EXERCISE INSTRUCTIONS:
Repeat each record exactly. Any picture gets left out.

::: RECORD EXTRACTS

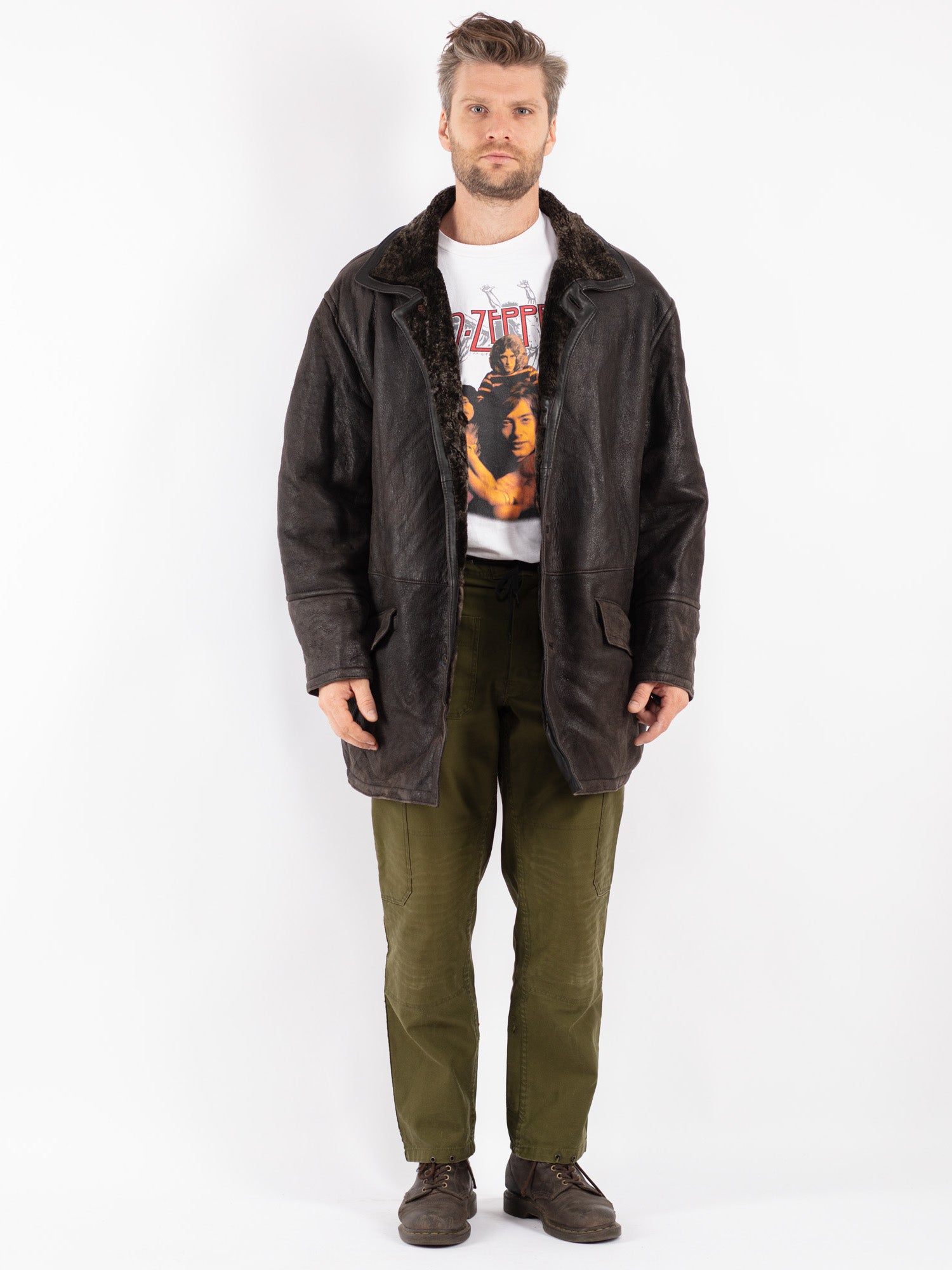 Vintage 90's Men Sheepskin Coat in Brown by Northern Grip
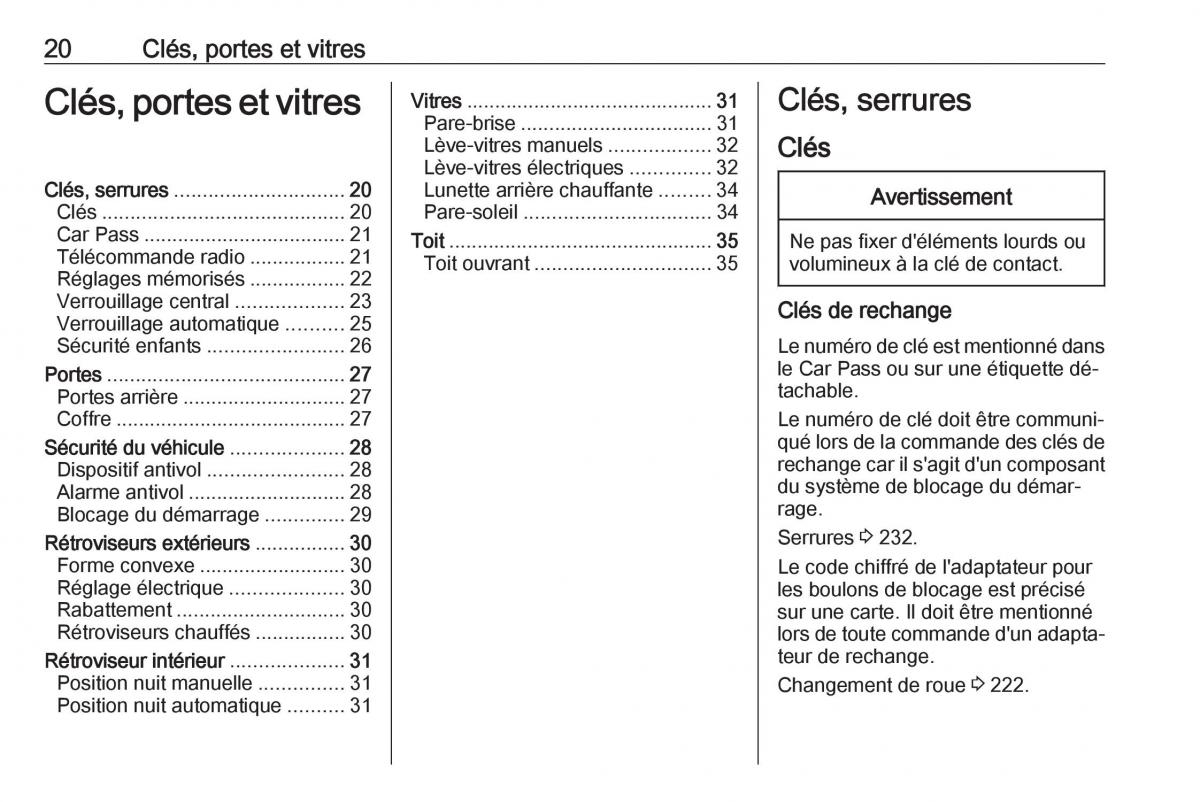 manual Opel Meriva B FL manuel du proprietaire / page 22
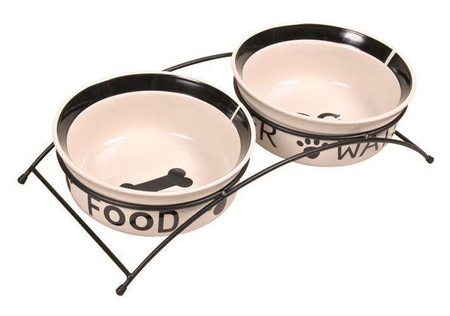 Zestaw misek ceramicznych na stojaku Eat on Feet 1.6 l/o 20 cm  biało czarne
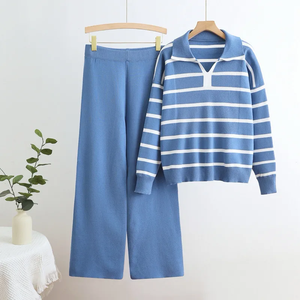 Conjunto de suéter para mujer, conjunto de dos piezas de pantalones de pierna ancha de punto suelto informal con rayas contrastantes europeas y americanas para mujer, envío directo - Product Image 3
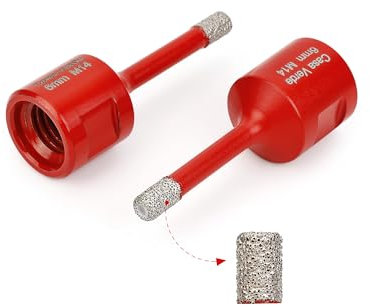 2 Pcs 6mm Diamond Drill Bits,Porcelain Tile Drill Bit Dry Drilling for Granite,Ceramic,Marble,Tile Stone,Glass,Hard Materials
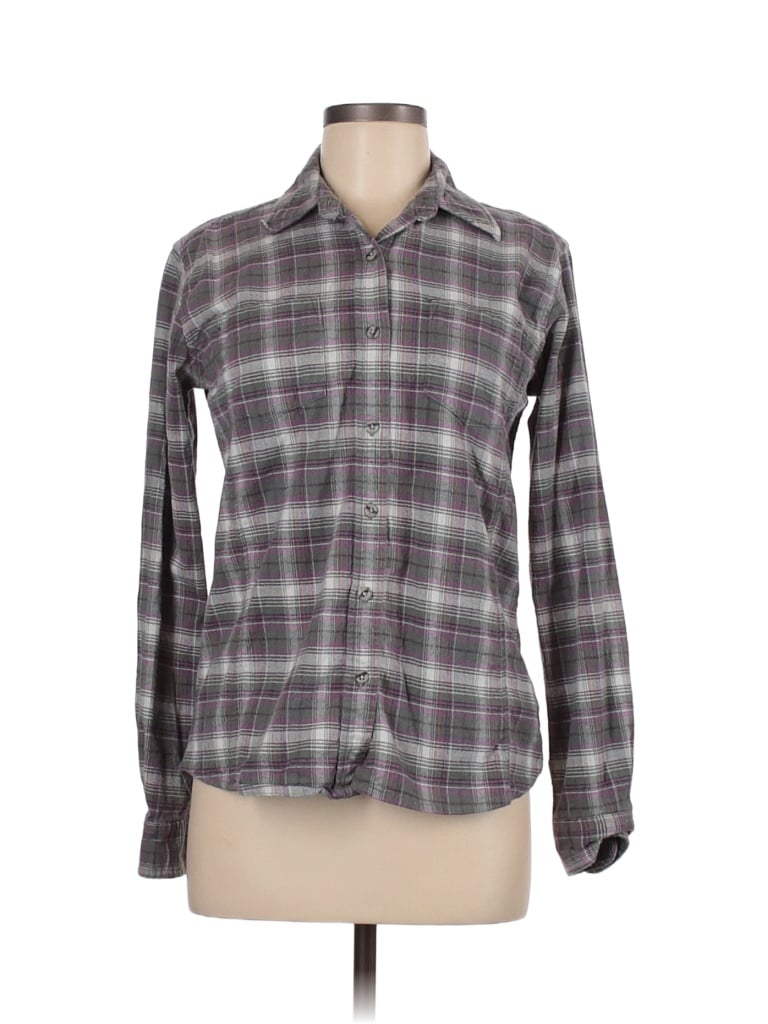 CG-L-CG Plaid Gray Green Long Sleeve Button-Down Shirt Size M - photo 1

::::::

TASK ANSWER:
 Vintage 90's Men Sheepskin Coat in Brown by Northern Grip
 manual Opel Meriva B FL manuel du proprietaire / page 22
 Zestaw misek ceramicznych na stojaku Eat on Feet 1.6 l/o 20 cm  biało czarne
 Conjunto de suéter para mujer, conjunto de dos piezas de pantalones de pierna ancha de punto suelto informal con rayas contrastantes europeas y americanas para mujer, envío directo - Product Image 3
 2 Pcs 6mm Diamond Drill Bits,Porcelain Tile Drill Bit Dry Drilling for Granite,Ceramic,Marble,Tile Stone,Glass,Hard Materials
 CG-L-CG Plaid Gray Green Long Sleeve Button-Down Shirt Size M - photo 1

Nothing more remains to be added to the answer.